A-6 REWARD SENSITIVITY, TEMPORAL DISCOUNTING, GENDER AND RISKY HEALTH BEHAVIORS: A FUZZY-TRACE THEORY APPROACH

Monday, October 24, 2011: 2:45 PM
Grand Ballroom EF (Hyatt Regency Chicago)
(BEC) Behavioral Economics

Candidate for the Lee B. Lusted Student Prize Competition


Evan A. Wilhelms, Priscila G. Brust, Valerie Reyna, PhD, Seth T. Pardo, MA and Wilson Sui, Cornell University, Ithaca, NY

Purpose: To examine relations among intuitive processes (i.e., gist), temporal discounting, sensation seeking (reward sensitivity), and risk-taking in health domains such as alcohol use and food choices, and interactions with gender.

Method: Adults (N=966; 67% female; 37% Minority; mean age 20.2) were surveyed anonymously. Temporal discounting questions were presented for 3 commodities (alcohol, candy bars and money), varying immediate magnitude (1 or 6) and magnitude of the commodity one month later (Which would you choose: 1 candy bar now or 3 candy bars in one month?). Discount rates were calculated for each commodity by magnitude condition. Participants also selected the gist of their decisions from five ordinal options (e.g., Now is always better than later.) and responded to the Brief Sensation Seeking Scale (BSSS). Health behaviors included alcohol use (WHO’s Alcohol Use Disorders Identification Test, AUDIT), risk-taking (Adolescent Risk Questionnaire, ARQ), and spending behavior (Spendthrift Scale).

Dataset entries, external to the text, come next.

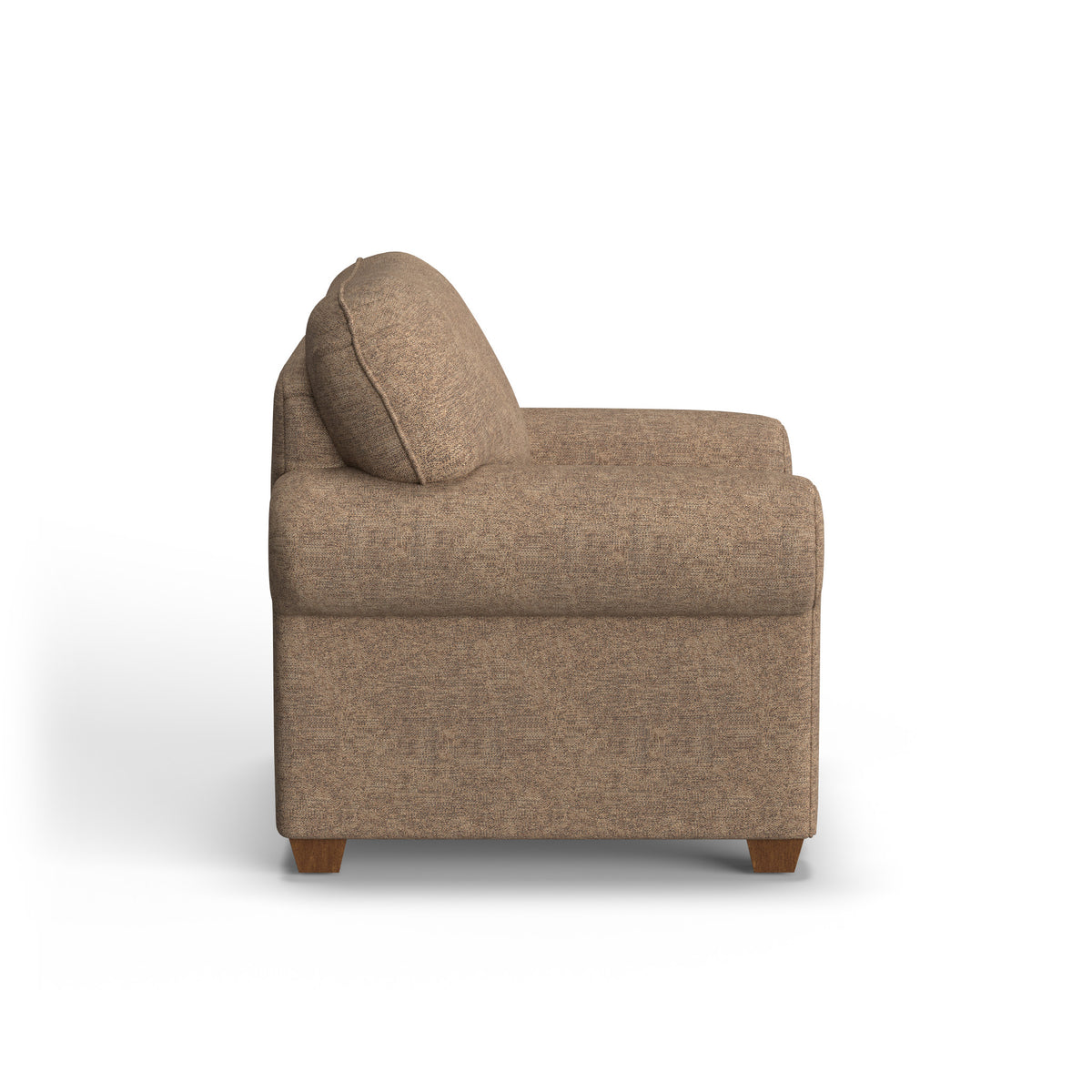 Thornton Fabric Chair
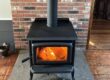 Buying a Home with a Fireplace? Here’s What You Need to Know About Chimney Inspections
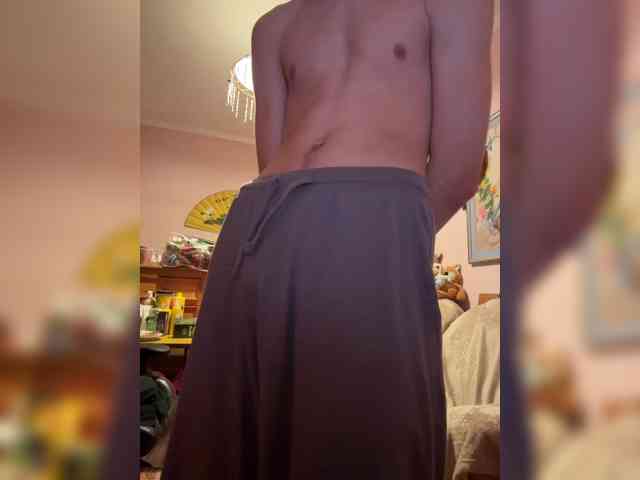 Fellep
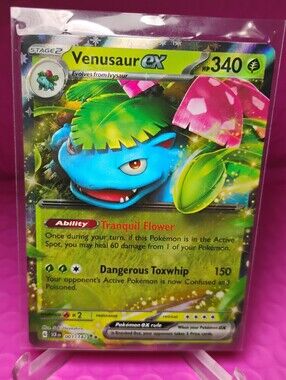 Pokemon | Toys | Rare Mistys Sedra Prerelease Pokmon Card | Poshmark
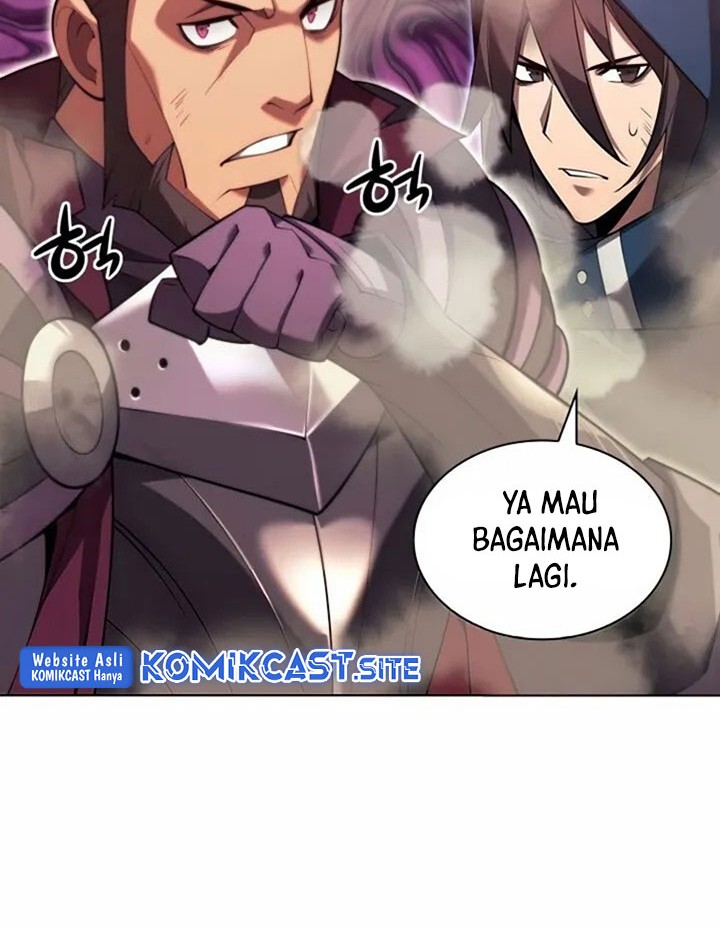Overgeared Chapter 155 - halaman 7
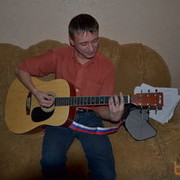  ,   Nemo, 45 ,   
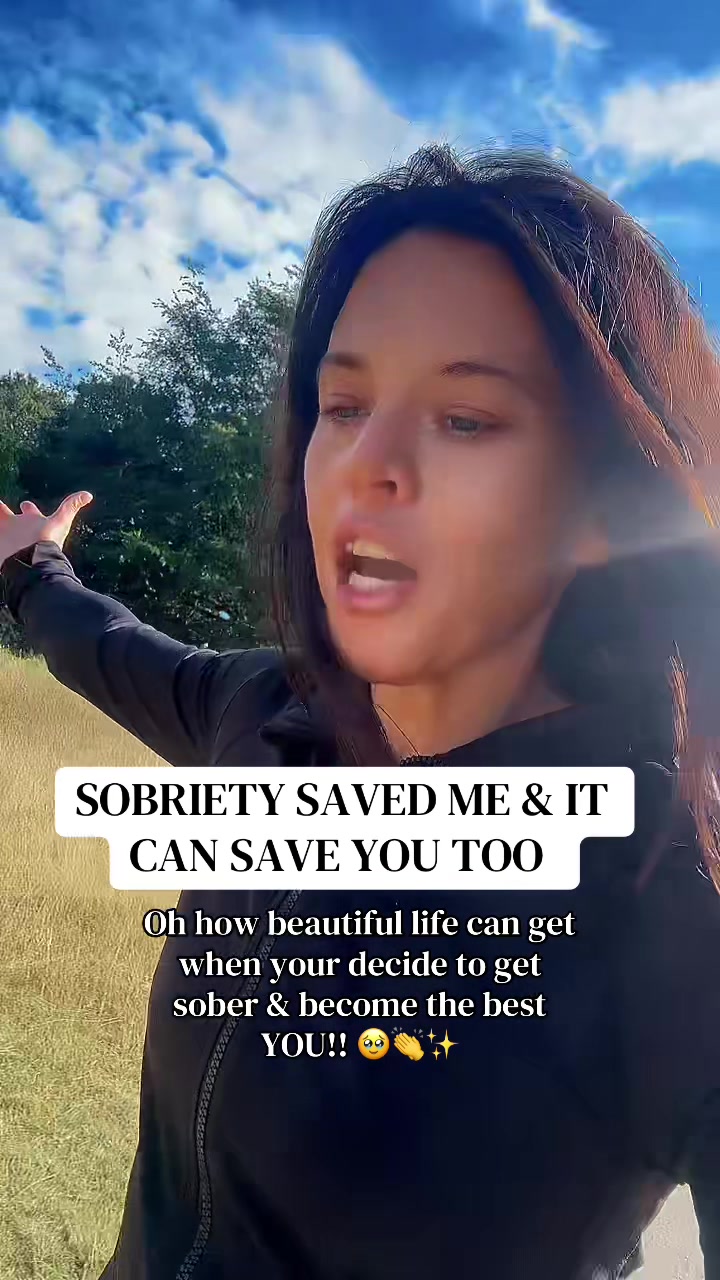 @mysobersoulxo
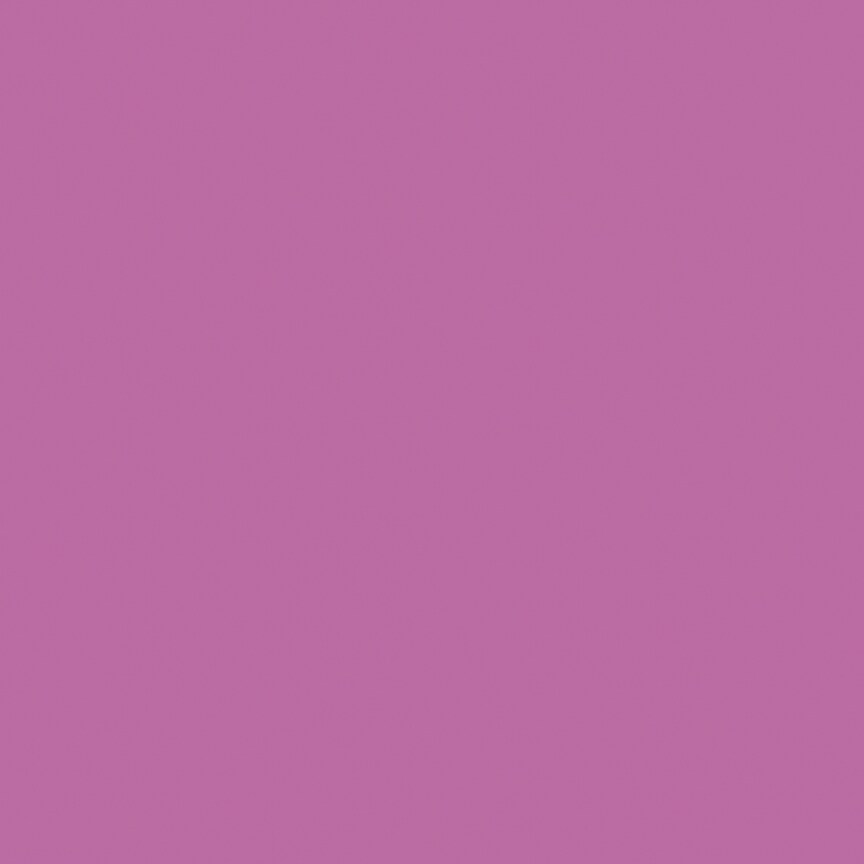 Cotton Fabric by the yard -- Fuchsia Color-- Ref. C120-RILEYFUCHSIA, Confetti Solid Cottons Collection by Riley Blake Designs&#xAE;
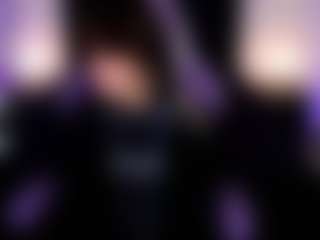 BonnyVel's Live Sex Cam Show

Result: In a regression using gist, discounting, sensation seeking, and gender as predictors of risky behaviors, discounting and gender were not significant by themselves, but discounting interacted with gender. Moreover, gist explained unique variance beyond other predictors. Specifically, health behaviors (AUDIT and ARQ) correlated with alcohol discount rates among males, whereas these behaviors correlated with candy discount rates among females.  Similarly, alcohol gist correlated with males’ risky behaviors, whereas candy gist correlated with females’ risky behaviors.  Discounting and reward sensitivity also predicted beyond their domains (e.g., alcohol predicted spending).

Conclusion: Consistent with Fuzzy-Trace Theory, unhealthy risk-taking behaviors were predicted by both reward sensitivity (sensation seeking) and information processing based on gist, each accounting for unique variance in health behaviors. In addition, there was a gender-specific effect in which alcohol predicted better for men, but candy bars predicted better for women. These results are consistent with a theoretical mechanism in which the perception of the gist of choices, as well as individual and group differences in reward salience, each account for unique variance in predicting risk taking and unhealthy choices.  Implications for public health messages and medical decision making will be discussed.